Ayetullah Hatemi konuşmalarını şöyle sürdürdü: Bahreyn yönetimi İmam Humeyni (r.a)’nin buyruklarına göre de ABD tabanlı İslam’ın açık örneğidir. Bu yüzden Amerika’ya yalakalık yapan bu yöneticilere İran Şahı’nın takdirine bakmalarını tavsiye ediyorum. Tarihteki gerçek gelenekler bize zalim hakimlerin bir gün gideceğini gösteriyor. Böylece Allah’ın yardımıyla milletler Al Suud ve Al Halife’nin devrilmesiyle tarihin derinliklerindeki çöblüğe sürükleneceğini görecek.
Tahran Cuma Namazı Hatibi ayrıca, “3 haftayı aşkın kendi halkına füzelerle saldıran Suudi rejimi, ABD Başkanı’nı ağırlıyor. İslami ve uluslararası kuruluşlardan bu cinayetleri neden görmediklerini sormak istiyorum? Allah’ın yardımıyla Yemen ve Baheyn’de öldürülen tüm insanların intikamı alınacaktır” ifadelerinde bulundu.

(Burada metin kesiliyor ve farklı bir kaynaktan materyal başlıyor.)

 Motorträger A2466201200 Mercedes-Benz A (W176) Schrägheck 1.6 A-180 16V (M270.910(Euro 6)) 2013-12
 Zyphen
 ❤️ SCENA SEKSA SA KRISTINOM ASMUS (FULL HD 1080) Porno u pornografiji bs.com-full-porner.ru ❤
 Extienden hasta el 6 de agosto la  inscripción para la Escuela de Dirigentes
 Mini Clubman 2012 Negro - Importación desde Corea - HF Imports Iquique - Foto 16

Konuşmalarının bir diğer kısmında ise Ayetullah Hatemi, geçen hafta gerçeklşen cumhurbaşkanlığı seçimlerine atıfta bulunup şöyle dedi: 41 milyondan fazla İran milletinin yüzde 73’ünün sandıklara gidip oy kullanması İslami düzeni onurlandırdı. Halbuki Avrupa’da bu oran 40 ile 50 arasında. Bu büyük destanın ismi “İslami demokrasi”dir. Bu oyların her birisi, İslam Cumhuriyeti’ne verilen “evet” oyudur. Tabii bu destanın ortaya çıkışında İslam İnkılabı Rehberi belirleyici bir etkiye sahipti.

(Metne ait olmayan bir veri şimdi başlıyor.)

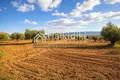 Atterrir 11 558 m² Kassandreia, Grèce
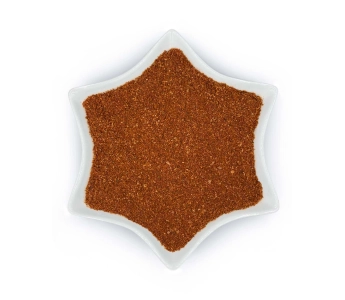 Суміш спецій "Для стейків" TM Wak`a, 500г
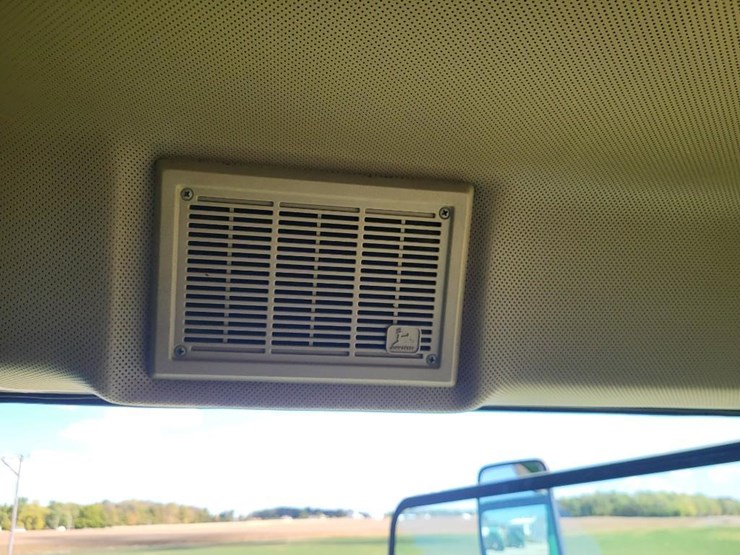 john-deere-9650-sts-image-89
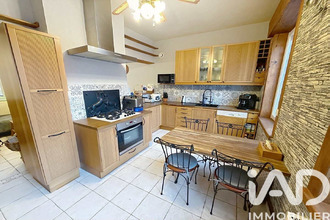 achat maison dunkerque 59430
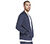 SKECH-KNITS ULTRA GO HOODLESS, NNNAVY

Tahran Cuma Namazı Hatibi, konuşmalarına şunları da ekledi: seçimlere iki tür ortam hakimdir. Birincisi seçimlerden önceki ortamdır, diğeriyse seçim sonrası ortam. Seçimler yapıldıktan sonra yazılmayan kanunlar gereği tüm rekabetler rafakata dönüşür. Dolayısıyla seçimleri böyle kabul etmemiz gerekiyor, zira seçimlerin ardından gerginliklerin devam edilmesi herhangi bir anlam taşımıyor, ancak bunu pratikte göstermeliyiz sadece sözde değil.